O problema é que, de tão temperamental que é, sempre que lhe volto a pegar ele recusa-se a andar… avança levemente, devagarinho, mesmo com o pé a fundo e as rotações no redline! E soluça… soluça… como uma criança a fazer queixinhas depois de uma birra, estão a ver o filme, certo?
Toda esta situação leva-me a um ritual sem igual! Faça chuva ou faça sol, o meu boguinhas (sim, chamo boguinhas ao meu carro, e?), como eu dizia, o meu boguinhas obriga-me a, pacientemente (’tá bem abelha!), encostar na berma, abrir o capôt, abrir o compartimento da bateria e desligar todo o sistema eléctrico, fazendo uma espécie de lobotomia que lhe faz um reset ao cérebro e o faz ronronar alegremente como se fosse a primeira vez que me vê! Juro que até abana a antena como se fosse um cachorro a abanar a cauda de alegria!

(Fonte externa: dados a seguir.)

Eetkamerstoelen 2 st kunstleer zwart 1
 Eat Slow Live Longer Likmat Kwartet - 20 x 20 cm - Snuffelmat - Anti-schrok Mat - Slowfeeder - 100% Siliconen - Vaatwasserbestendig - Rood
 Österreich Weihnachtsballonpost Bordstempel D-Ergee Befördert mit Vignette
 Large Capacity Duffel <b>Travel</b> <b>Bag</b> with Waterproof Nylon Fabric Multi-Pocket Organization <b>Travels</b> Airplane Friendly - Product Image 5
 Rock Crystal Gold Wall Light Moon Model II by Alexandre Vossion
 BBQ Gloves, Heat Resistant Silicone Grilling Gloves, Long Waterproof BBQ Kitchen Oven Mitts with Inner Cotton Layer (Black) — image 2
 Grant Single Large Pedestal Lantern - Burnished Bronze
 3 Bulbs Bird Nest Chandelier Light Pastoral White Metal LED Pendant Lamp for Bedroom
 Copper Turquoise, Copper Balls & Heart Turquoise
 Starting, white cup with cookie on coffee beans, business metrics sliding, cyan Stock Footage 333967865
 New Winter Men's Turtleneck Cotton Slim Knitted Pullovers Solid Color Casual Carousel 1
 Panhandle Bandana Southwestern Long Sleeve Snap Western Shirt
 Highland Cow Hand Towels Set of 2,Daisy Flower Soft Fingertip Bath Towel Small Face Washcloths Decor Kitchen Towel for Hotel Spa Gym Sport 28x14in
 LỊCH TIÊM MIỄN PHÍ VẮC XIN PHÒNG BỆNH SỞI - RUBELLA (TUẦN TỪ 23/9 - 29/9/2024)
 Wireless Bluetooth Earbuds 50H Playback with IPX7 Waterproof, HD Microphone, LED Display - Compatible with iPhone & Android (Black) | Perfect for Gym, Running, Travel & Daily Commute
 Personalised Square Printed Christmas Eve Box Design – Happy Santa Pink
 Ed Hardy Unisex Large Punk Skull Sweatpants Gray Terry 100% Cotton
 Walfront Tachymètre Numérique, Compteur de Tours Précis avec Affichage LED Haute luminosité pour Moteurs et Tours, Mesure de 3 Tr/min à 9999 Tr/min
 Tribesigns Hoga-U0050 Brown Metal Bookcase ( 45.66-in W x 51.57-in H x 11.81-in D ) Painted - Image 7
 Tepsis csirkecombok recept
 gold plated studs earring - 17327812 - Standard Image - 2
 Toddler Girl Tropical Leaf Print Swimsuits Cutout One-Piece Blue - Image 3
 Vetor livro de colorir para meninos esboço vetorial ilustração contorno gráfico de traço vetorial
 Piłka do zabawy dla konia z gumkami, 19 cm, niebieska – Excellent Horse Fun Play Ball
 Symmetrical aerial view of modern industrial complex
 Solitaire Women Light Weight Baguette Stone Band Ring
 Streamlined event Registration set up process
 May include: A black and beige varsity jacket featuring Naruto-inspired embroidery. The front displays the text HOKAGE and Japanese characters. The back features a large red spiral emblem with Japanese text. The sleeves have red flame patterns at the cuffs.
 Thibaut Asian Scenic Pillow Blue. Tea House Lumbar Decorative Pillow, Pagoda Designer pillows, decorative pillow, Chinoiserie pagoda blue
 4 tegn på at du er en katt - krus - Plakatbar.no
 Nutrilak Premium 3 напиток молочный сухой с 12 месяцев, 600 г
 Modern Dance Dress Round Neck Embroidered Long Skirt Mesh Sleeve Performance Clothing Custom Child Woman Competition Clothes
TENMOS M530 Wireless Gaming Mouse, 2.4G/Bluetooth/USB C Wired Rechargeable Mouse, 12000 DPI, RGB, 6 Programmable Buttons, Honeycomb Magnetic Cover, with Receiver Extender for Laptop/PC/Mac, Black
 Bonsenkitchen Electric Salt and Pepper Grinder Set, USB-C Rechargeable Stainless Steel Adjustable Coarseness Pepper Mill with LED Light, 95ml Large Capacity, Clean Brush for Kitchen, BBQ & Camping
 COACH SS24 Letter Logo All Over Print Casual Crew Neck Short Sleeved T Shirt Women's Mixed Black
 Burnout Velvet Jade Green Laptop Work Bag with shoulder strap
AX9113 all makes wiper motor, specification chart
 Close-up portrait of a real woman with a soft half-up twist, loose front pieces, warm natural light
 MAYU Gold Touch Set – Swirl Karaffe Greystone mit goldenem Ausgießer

Este ritual de “desliga e sai e liga e desliga” acaba sempre por me dar a tediosa trabalheira de acertar todos os dados electrónicos no painel do rádio: data, hora e emissoras de rádio pré-sintonizadas! Foi neste trabalho, efémero a partir da próxima vez que o deixar na garagem 2 dias, que acabei por descobrir uma pequena pérola radiofónica, a Smooth FM. Há males que vêm por bem e, de facto, é uma agradável surpresa poder conduzir até casa ao som de uma boa música completamente alheada dos yéyéyés e nánánánás das playlists habituais!
Gostos radiofónicos à parte, este temperamento do meu carro leva-me a pensar também nas relações com os clientes. Os clientes são, muitas vezes, como o meu carro, se não lhes prestamos atenção suficiente, acabamos por ser obrigados a repetir todo o processo de conversão do visitante em cliente, com o agravante de estarmos, precisamente, a repetir o processo. Sempre se revelou mais difícil, e penoso, reconquistar um cliente. Há expectativas que foram goradas e há desconfianças que foram criadas, e tudo isto tem que ser trabalhado de forma a transmitir confiança. Não podemos abrir o “capôt” ao cliente e desligar-lhe as fichas, como eu faço ao meu carro, mas podemos tentar entrar-lhe na cabeça para compreender o que correu mal, o que faltou fazer, e tentar conquistar uma nova oportunidade para fazer mais e melhor.